Susan extrapolates from Google’s recent announcement that it will be renting ‘dark fiber’ — fiber optical cable that has already been installed but is currently being used only for smart utility purposes. This does have elements to be emulated but there are very few cities and towns in the United States who have anything like the infrastructure that Huntsville is leasing to Google. This does not mean that cities should not aspire to build such infrastructure, but we should also recognize that this is a very complex issue for those cities.

As CEO of Ting Internet, a company doing what Google Fiber does, but usually in smaller cities like Charlottesville, Virginia, I speak with mayors and city leaders all over the country. Most prefer a private partner to provide the capital and engage in the construction project required to build a fiber network. It is simply easier politically, economically and bureaucratically.
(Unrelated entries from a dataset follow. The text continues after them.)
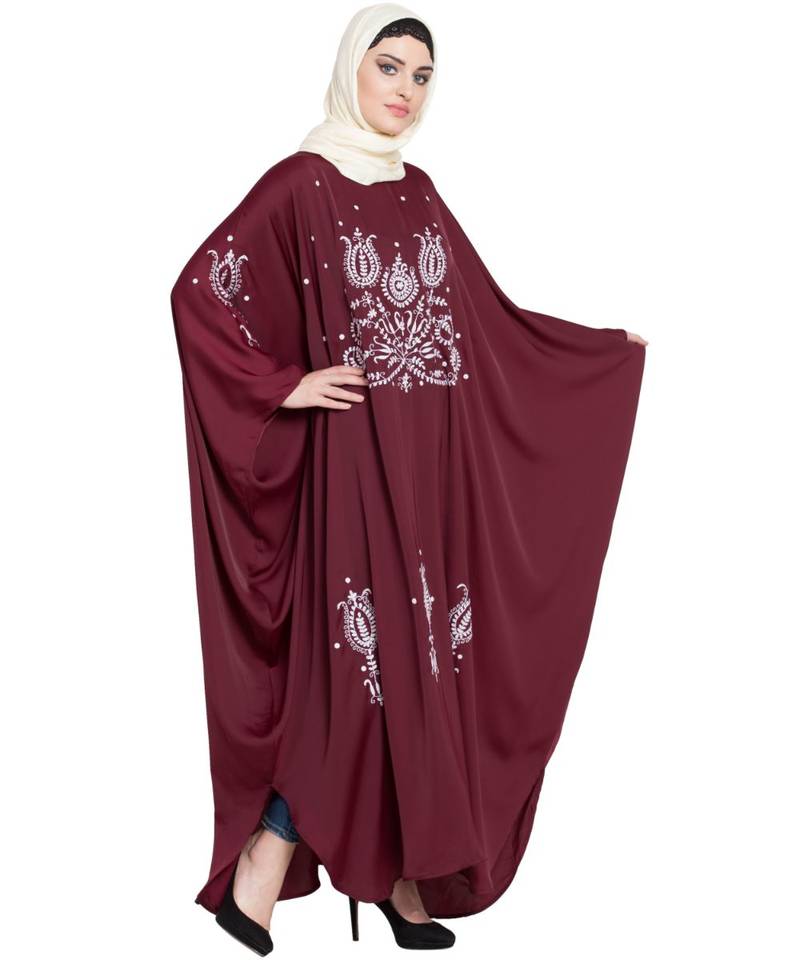 Maroon Embroidered Nida Abaya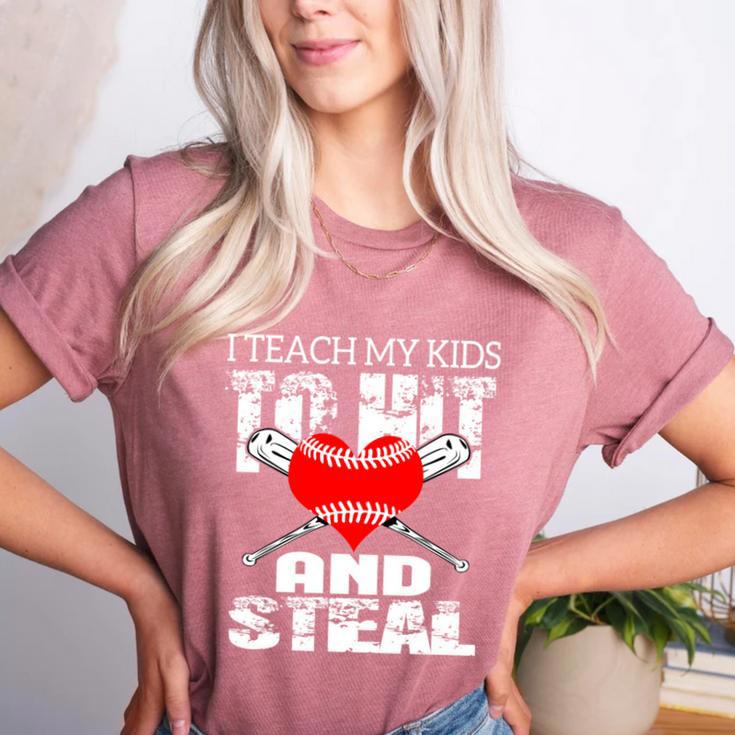 Baseball Mom Humor I Teach My Kids To Hit And Steal Women's Heather T-Shirt Baseball Mom Humor I Teach My Kids To Hit And Steal Women's Heather T-Shirt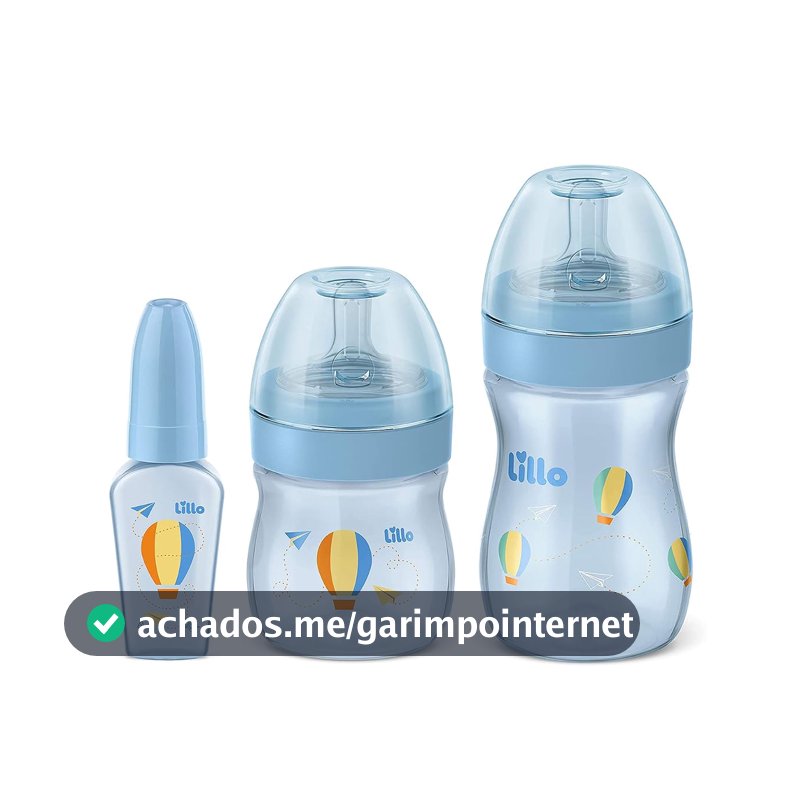 Lillo Kit De Mamadeira Primeiros Passos 50/150/240Ml Azul -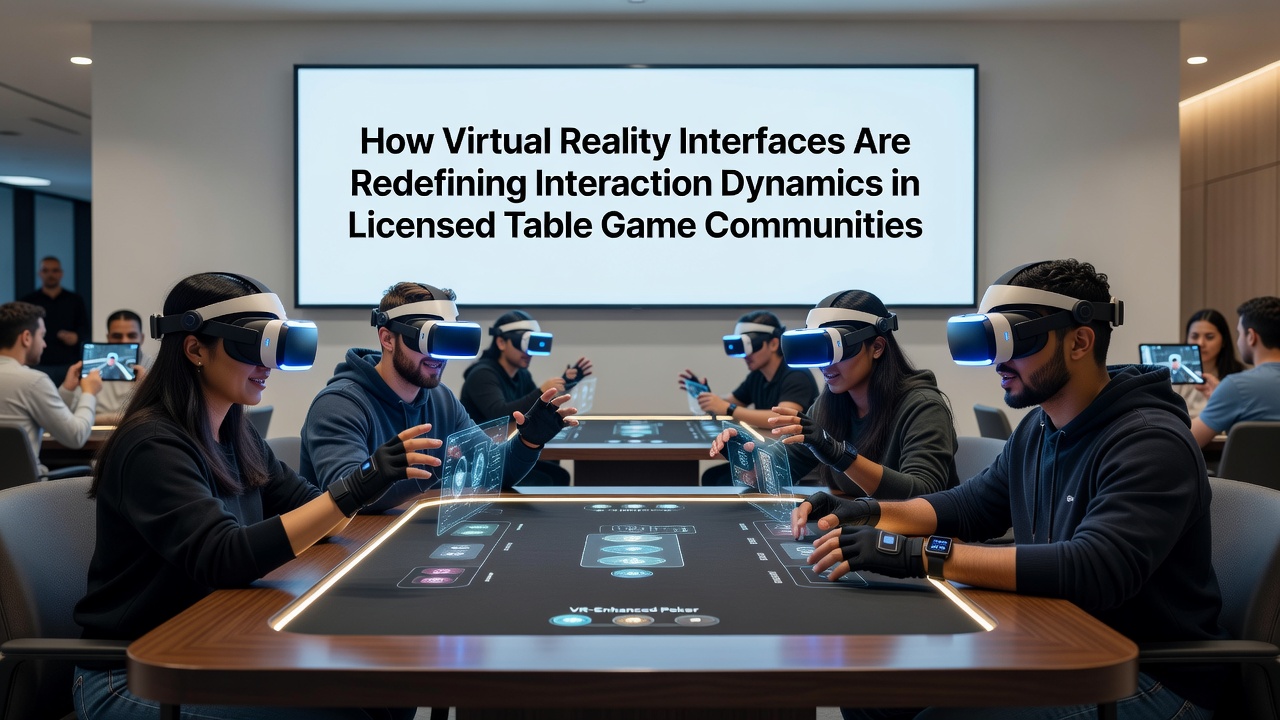 Spieler in VR-Tischspiel-Community interagieren an einem virtuellen Blackjack-Tisch mit immersiven Avataren und Echtzeit-Gesten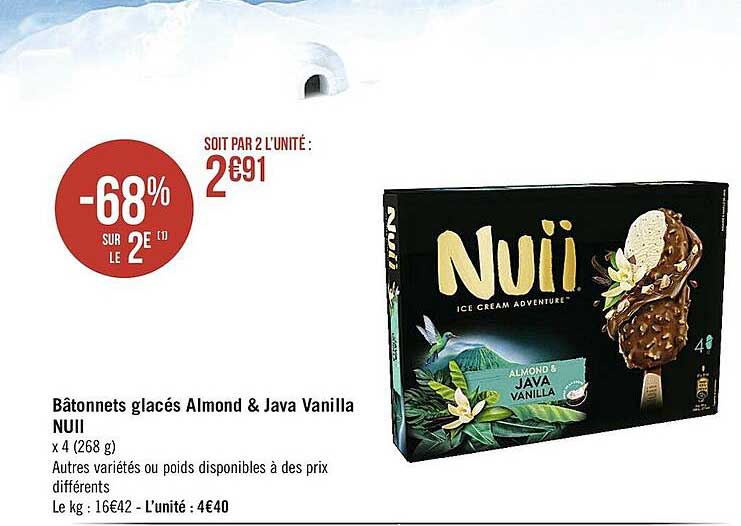 bâtonnets glacés almond & java vanille nuii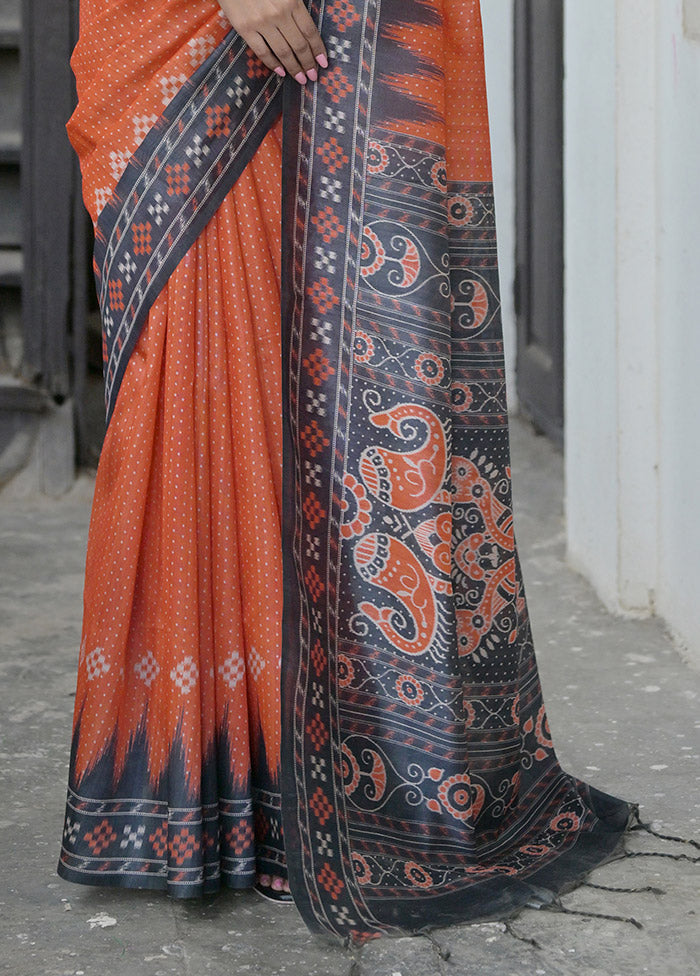 Red Tussar Silk Saree With Blouse Piece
I tell every mayor I speak with that if I were them, I would build it myself and have the city own this most important piece of infrastructure. This would allow them to ensure that their citizens receive high levels of Internet service, both speed and reliability, and customer service. The first feeds economic growth. The second is just nice for people.
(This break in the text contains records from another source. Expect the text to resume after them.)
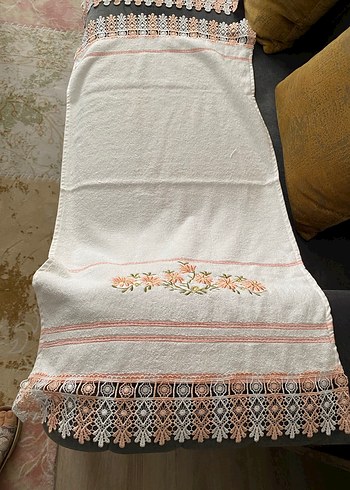 Nakışlı Pastel Renkli Beyaz Havlu 2Adet - Görsel 6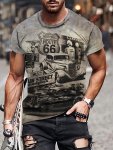 Men's Car Graphic Print T-Shirt Short Sleeve Crew Neck Tee Men's Clothing For Outdoor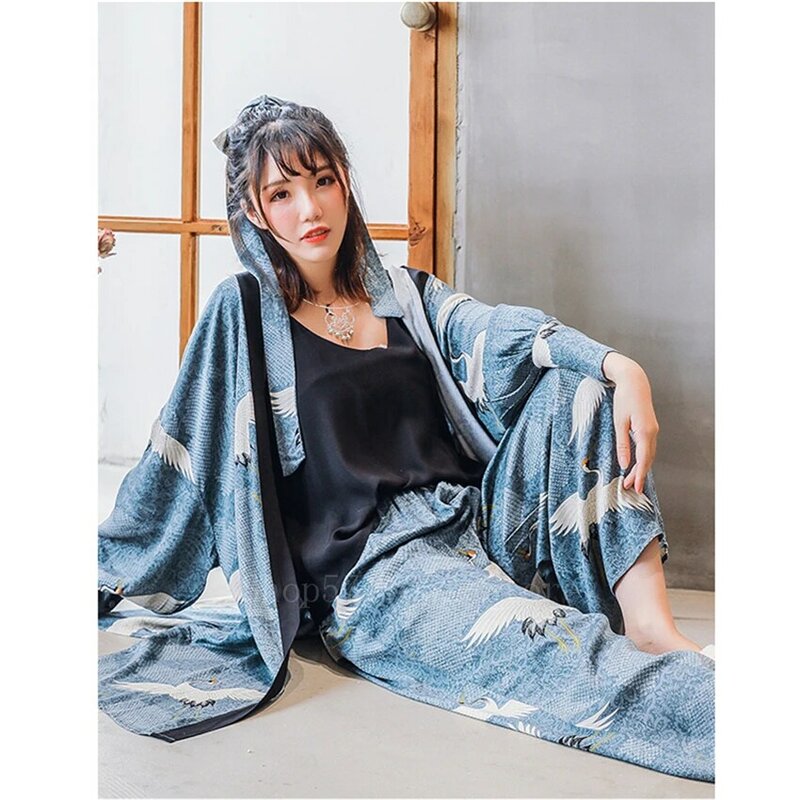 Ukiyo-e Gaun Kimono Jepang Derek Wanita Vinatge Yukata 3 Buah Mantel + Atasan + Celana Piyama Setelan Haori Samurai Harajuku Pakaian Asia
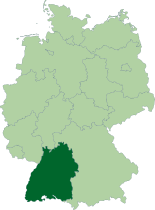 გერმანიის რუკა, ბადენ-ვიურტემბერგი აღნიშნუ��ია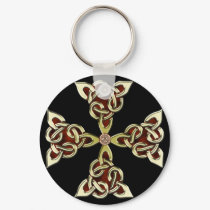 Golden Celtic Cross Keychain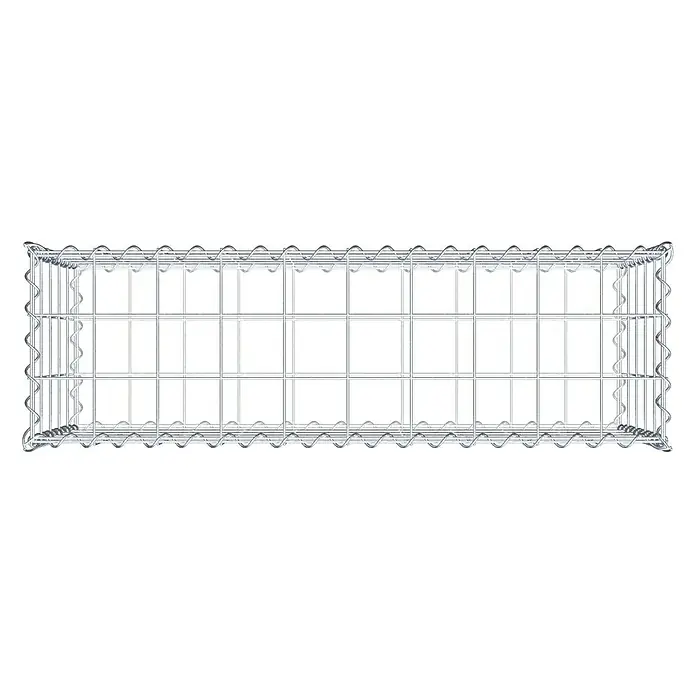 Gabiona Gabione - 100 x 30 x 50 cm, Metall, Maschenbreite: 100 mm, Maschenhöhe: 100 mm - Detailansicht eines Gabionenkorbs aus verzinktem Stahl, der sich ideal zur Hangbefestigung oder als dekoratives Element eignet.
But it is not easy. Building a municipal fiber network sufficient to allow a Google Fiber or a Ting Internet to provide Fiber-to-the-home (“FTTH”) is rare, expensive and takes a long time to build. It is also worth it and should be done everywhere! But it won’t be and I think it is important that we respect and understand the different choices that will be made. For most cities today, having a private partner will be their only choice and getting that symmetrical gigabit fiber network is more important than how they get it.
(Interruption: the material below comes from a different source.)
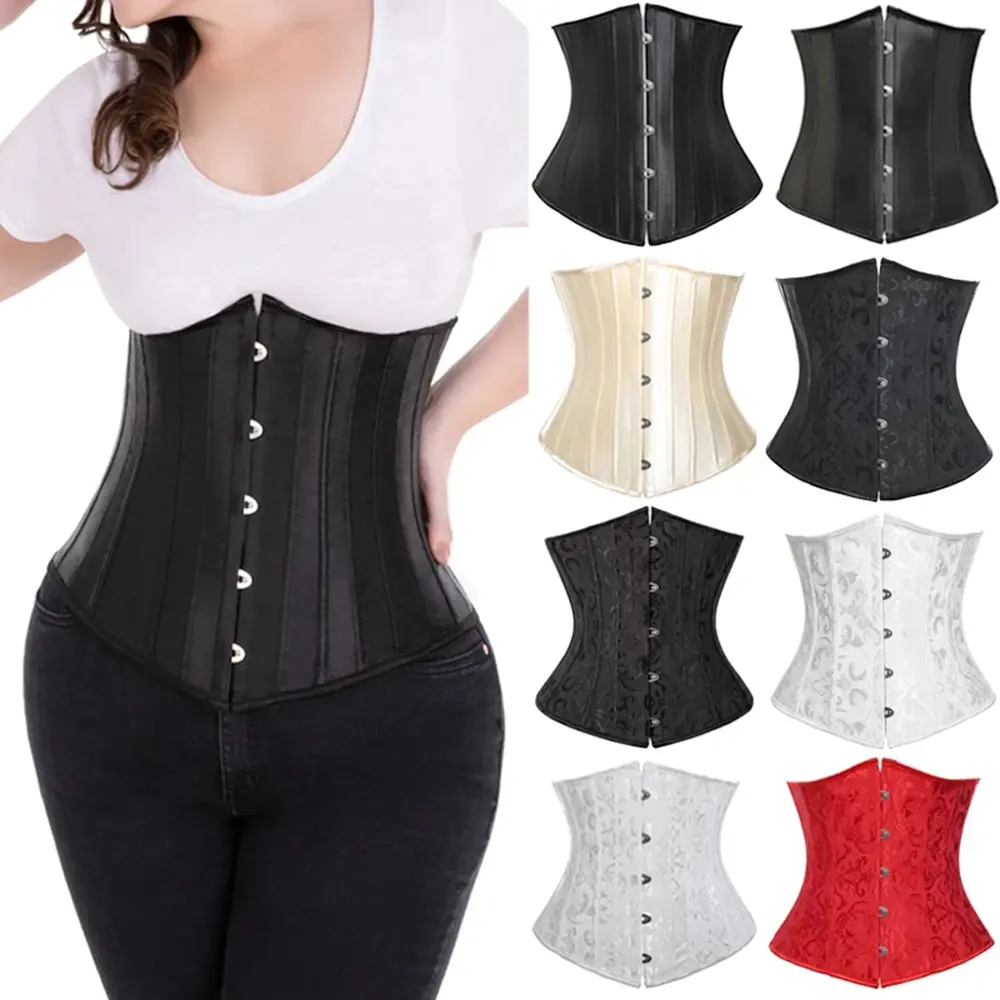 Women's Underbust Corset, Satin Jacquard Boned Lace-Up Top, Casual Waist Training Spandex Shapewear, Plus Size S-6XL, Compression, Plus Sizes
There are two competing narratives today, Google Fiber is doing great things and changing the world and Google Fiber sucks and is not a serious competitor. They are both true. In the short term Google Fiber, Ting Internet, Sonic.net and the very few others who are using end-to-end fiber are not serious threats to the telecom incumbents.

In the long term, we are an existential threat. Luckily for those of us competing, telcos and cablecos do not feel it is a threat worth responding to substantively. And by substantively I mean competing by building out their old cable or copper networks with end-to-end fiber rather than trying to retrofit their old television or telephone delivery infrastructure with band aids like DOCSIS 3.1, a hack that will get faster download (but not upload) speeds out of the existing cable plant.

Susan’s other main example is Stokab, the municipal project that brought open access fiber, fiber that a number of different companies could hook up to, to Stockholm in the late 1990s. While Stokab is fantastic, it is shocking to me how few places have copied its model. We also know from those involved that even Stokab has not been immune to political machinations and some ebb and flow. The end state, the 95% end-to-end fiber connections that Susan references, is a terrific outcome and one that most cities can only hope for, but we should not underestimate how unique and difficult it is.

The Huntsville story is also not a first in the United States. Ting Internet announced a similar partnership with the City of Westminster early in 2015. The city is building the network, we are lighting it up, and over time it will become an open access network.

From what little I know, I think Westminster has a better deal than Huntsville. I believe they will make more per customer and we will be running an open access platform for them eventually. In Huntsville, the city will have to maintain relationships with multiple suppliers if they hope to create competition.

The important takeaway is the heterogeneity. There are on the ground reasons why things are different in Huntsville and Westminster. Having another creative model for cities to put into their toolkit is fantastic, but no one model will begin a Golden Age.

An example of this is viewing the right demarcation point between infrastructure and competitive supplier. It may indeed be, as it is in Huntsville, at the point where hardware lights up the network, but it may also be at a service level above that. There is very (very) little that is competitive with hardware. Certainly different companies can buy different levels of quality and ports with different speeds, but it is not really a point of competition or service differentiation in a true sense. The MVNO market, small providers who rent mobile network access from companies like Sprint (which we do with Ting Mobile), and the domain registration market (where we provide wholesale services with OpenSRS), provide examples where the competitive layer sits as a web service on top of the network and the differentiation is in website and control panel design, customer service and, of course, price. This also creates significantly lower barriers to entry as electronics are expensive and, again, do not provide much of a point of true service differentiation.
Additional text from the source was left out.